When President Obama announced the Treasury Department’s Small Business Lending Fund in his 2010 State of the Union address, its goal was to boost credit to Main Street entrepreneurs by funneling $30 billion to community banks. The $30 billion would come from loan repayments to the federal government from Wall Street banks participating in a separate, better-known Treasury program: the Troubled Asset Relief Program. At the time, the head of one industry group projected the SBLF could translate into $300 billion in small business loans.
But as John Tozzi reported in October, only $4 billion was disbursed to community banks through the program, and a majority of that funding was used to help the lenders repay previous government loans, not lend to small businesses.
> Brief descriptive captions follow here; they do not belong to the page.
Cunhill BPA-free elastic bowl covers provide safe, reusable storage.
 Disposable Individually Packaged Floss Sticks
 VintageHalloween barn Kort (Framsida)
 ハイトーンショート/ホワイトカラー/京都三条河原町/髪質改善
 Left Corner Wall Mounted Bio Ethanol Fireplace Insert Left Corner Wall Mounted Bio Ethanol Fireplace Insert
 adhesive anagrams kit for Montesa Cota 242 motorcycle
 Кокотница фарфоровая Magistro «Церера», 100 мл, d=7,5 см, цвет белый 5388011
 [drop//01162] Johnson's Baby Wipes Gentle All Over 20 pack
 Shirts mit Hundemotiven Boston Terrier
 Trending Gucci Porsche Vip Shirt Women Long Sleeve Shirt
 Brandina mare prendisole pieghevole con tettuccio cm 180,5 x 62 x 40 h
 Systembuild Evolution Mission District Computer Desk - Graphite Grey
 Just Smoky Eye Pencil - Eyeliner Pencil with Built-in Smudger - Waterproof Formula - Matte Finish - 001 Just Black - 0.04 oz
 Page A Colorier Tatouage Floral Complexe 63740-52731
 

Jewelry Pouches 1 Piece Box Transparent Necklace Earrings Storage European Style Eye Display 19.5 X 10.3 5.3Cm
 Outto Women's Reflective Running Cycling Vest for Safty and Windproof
Critics at the time, such as Raj Date, predicted this. Date, now a deputy director of the Consumer Financial Protection Bureau, two years ago was an outside analyst who called the plan “TARP Junior.” He said most of the capital would go to patching holes in bank balance sheets left by legacy assets such as commercial real estate loans gone bad.
How did Treasury get from the $30 billion President Obama proposed to the $4 billion actually disbursed? The SBLF received applications for a total of $11.8 billion in funding, but only $7.3 billion met program criteria, according to a Treasury official. The Treasury granted preliminary approval for $4.8 billion in funding, and closed on $4 billion. Most of the 332 banks that participated in the program received funding in the third quarter of 2011, when the Treasury stopped making disbursements.
Last week the Treasury released SBLF data through the end of 2012 showing participants loaned small businesses $8.9 billion more than they would have without the program. That works out to a 38 percent increase, compared with an 8 percent increase for a sample of 500 community banks that didn’t participate, Treasury said.
According to Treasury Deputy Assistant Secretary Don Graves, Obama’s $30 billion proposal was designed to provide some cushion, ensuring that demand for the SBLF program didn’t outstrip available funds. “The key was to find ways to help these institutions pay back the taxpayer responsibly, and to increase small business lending,” he says. “We didn’t want to be in the position where we had a competitive process for these dollars.”